▶ **Assigned task**
Each line below from the "Sayene Flat Mop" line through the "Womens 1/5 CT." line, those two included, must be restated word for word; the pictures must not be.

▶ **Given data**
#####
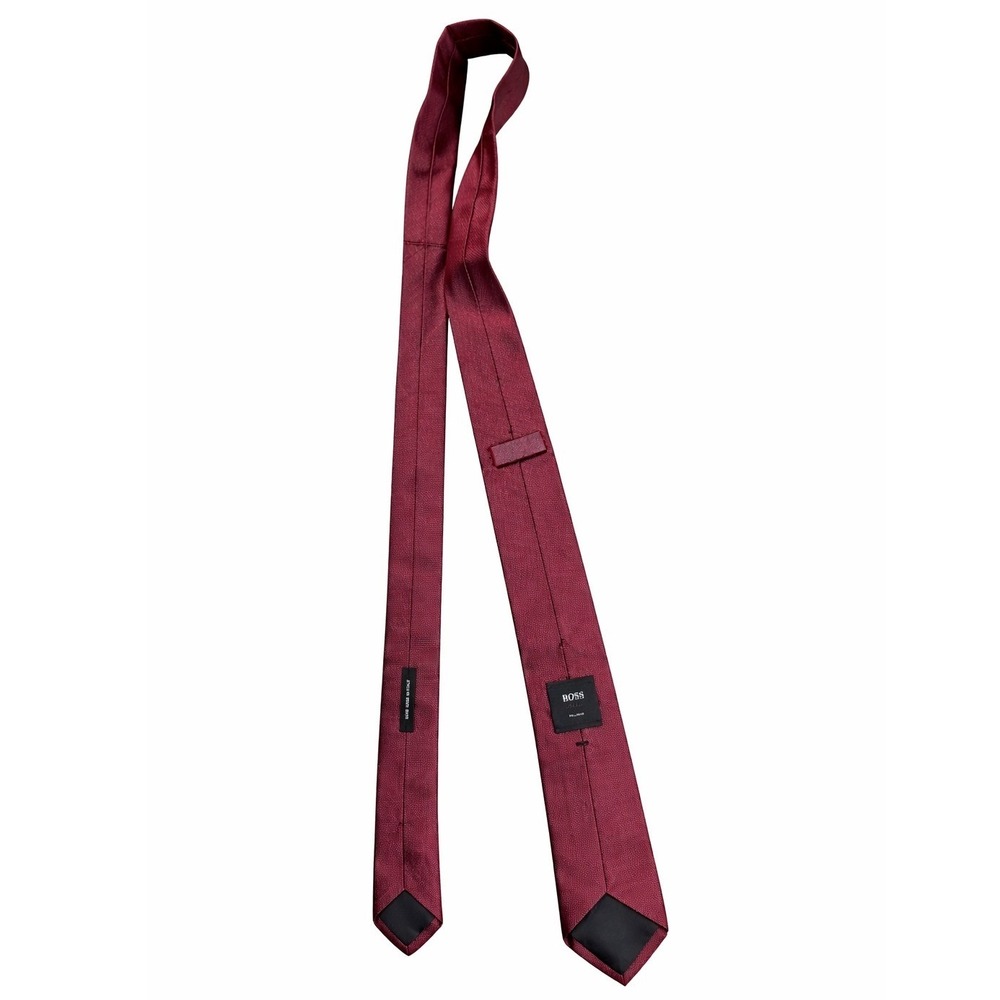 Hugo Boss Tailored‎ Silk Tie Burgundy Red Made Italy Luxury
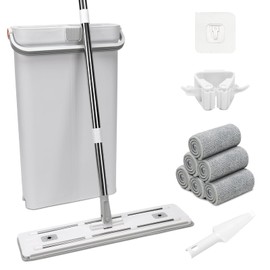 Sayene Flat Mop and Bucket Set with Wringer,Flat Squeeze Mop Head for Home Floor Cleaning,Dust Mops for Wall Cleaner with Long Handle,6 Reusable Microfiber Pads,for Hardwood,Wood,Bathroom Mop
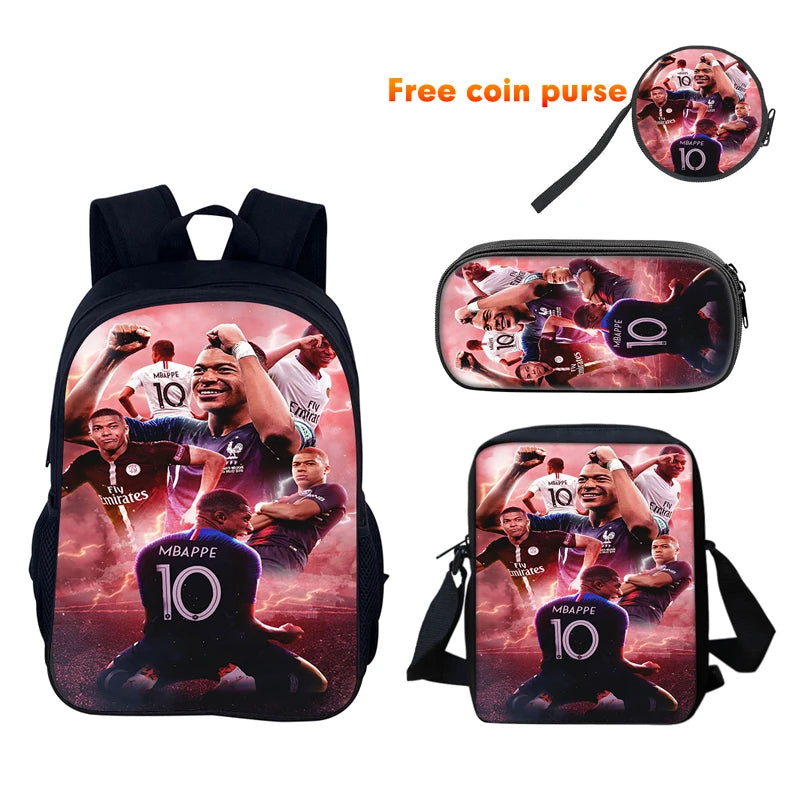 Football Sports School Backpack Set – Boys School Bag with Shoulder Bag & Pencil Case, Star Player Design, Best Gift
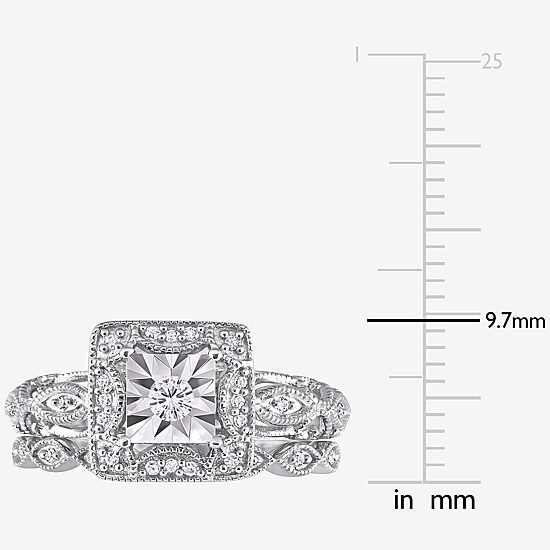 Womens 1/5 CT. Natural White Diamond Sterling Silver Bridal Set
#####
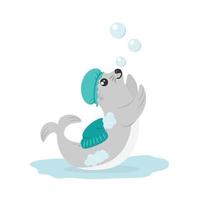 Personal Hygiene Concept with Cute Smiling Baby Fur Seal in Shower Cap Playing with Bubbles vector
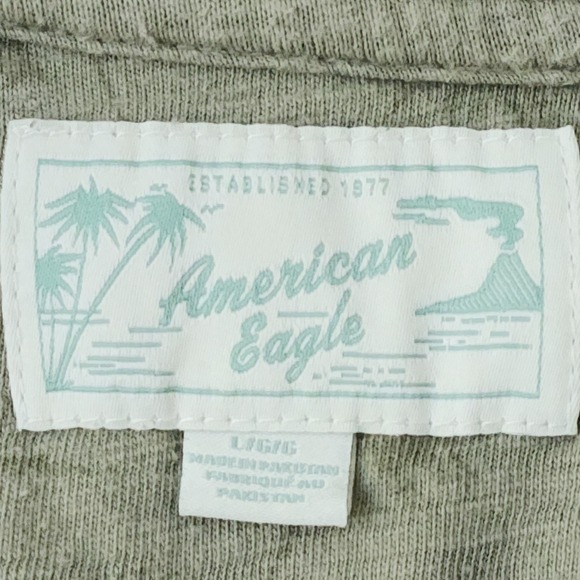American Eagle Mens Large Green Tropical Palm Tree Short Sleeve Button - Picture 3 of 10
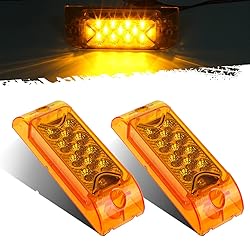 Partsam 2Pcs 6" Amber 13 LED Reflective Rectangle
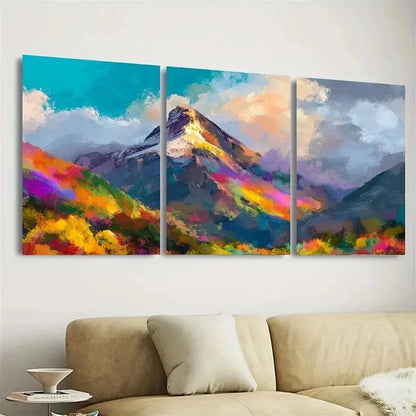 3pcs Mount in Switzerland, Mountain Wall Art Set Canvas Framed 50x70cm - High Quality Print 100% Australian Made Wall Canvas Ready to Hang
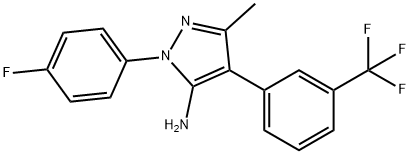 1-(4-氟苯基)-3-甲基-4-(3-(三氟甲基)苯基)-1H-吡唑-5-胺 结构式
#####
▶ **Expected answer**
 Sayene Flat Mop and Bucket Set with Wringer,Flat Squeeze Mop Head for Home Floor Cleaning,Dust Mops for Wall Cleaner with Long Handle,6 Reusable Microfiber Pads,for Hardwood,Wood,Bathroom Mop
 Football Sports School Backpack Set – Boys School Bag with Shoulder Bag & Pencil Case, Star Player Design, Best Gift
 Womens 1/5 CT. Natural White Diamond Sterling Silver Bridal Set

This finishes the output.